Entries provided:
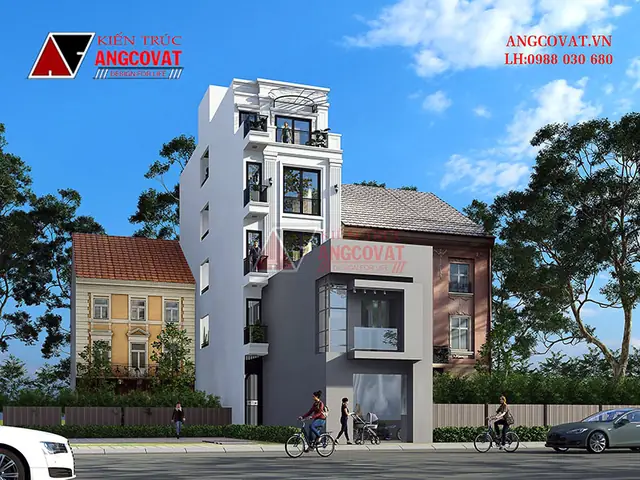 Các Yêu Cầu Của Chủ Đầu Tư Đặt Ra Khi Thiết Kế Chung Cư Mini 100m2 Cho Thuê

...

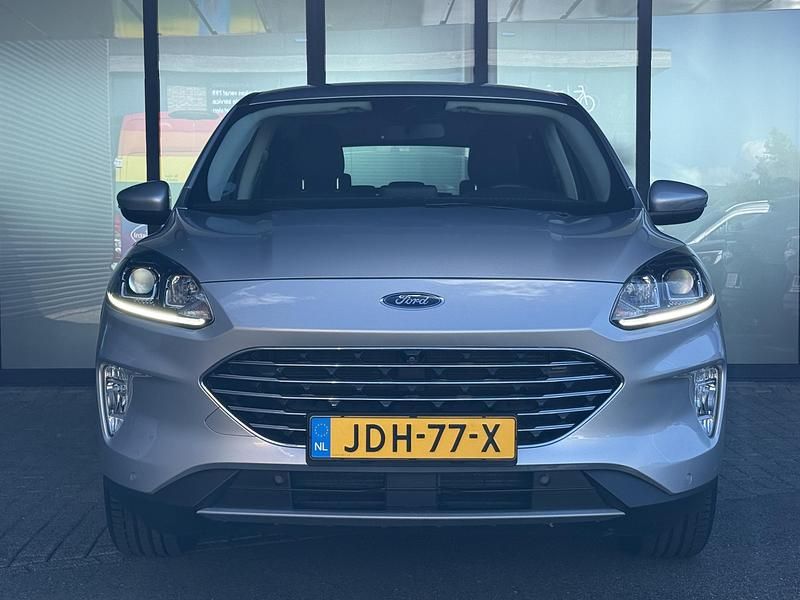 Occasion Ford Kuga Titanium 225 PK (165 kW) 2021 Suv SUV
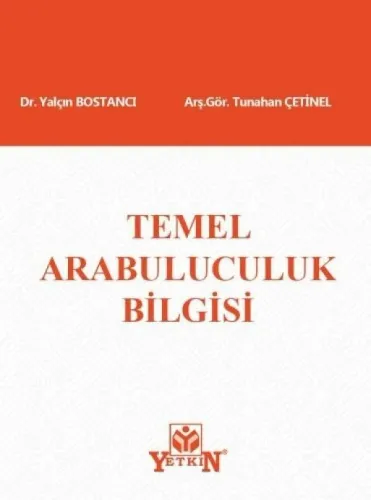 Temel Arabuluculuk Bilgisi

Required action: With pictures omitted, repeat the entries above word for word from the line holding "Occasion Ford Kuga" down to the line holding "Temel Arabuluculuk Bilgisi", keeping both of those lines.

Response area:
 Occasion Ford Kuga Titanium 225 PK (165 kW) 2021 Suv SUV
 Temel Arabuluculuk Bilgisi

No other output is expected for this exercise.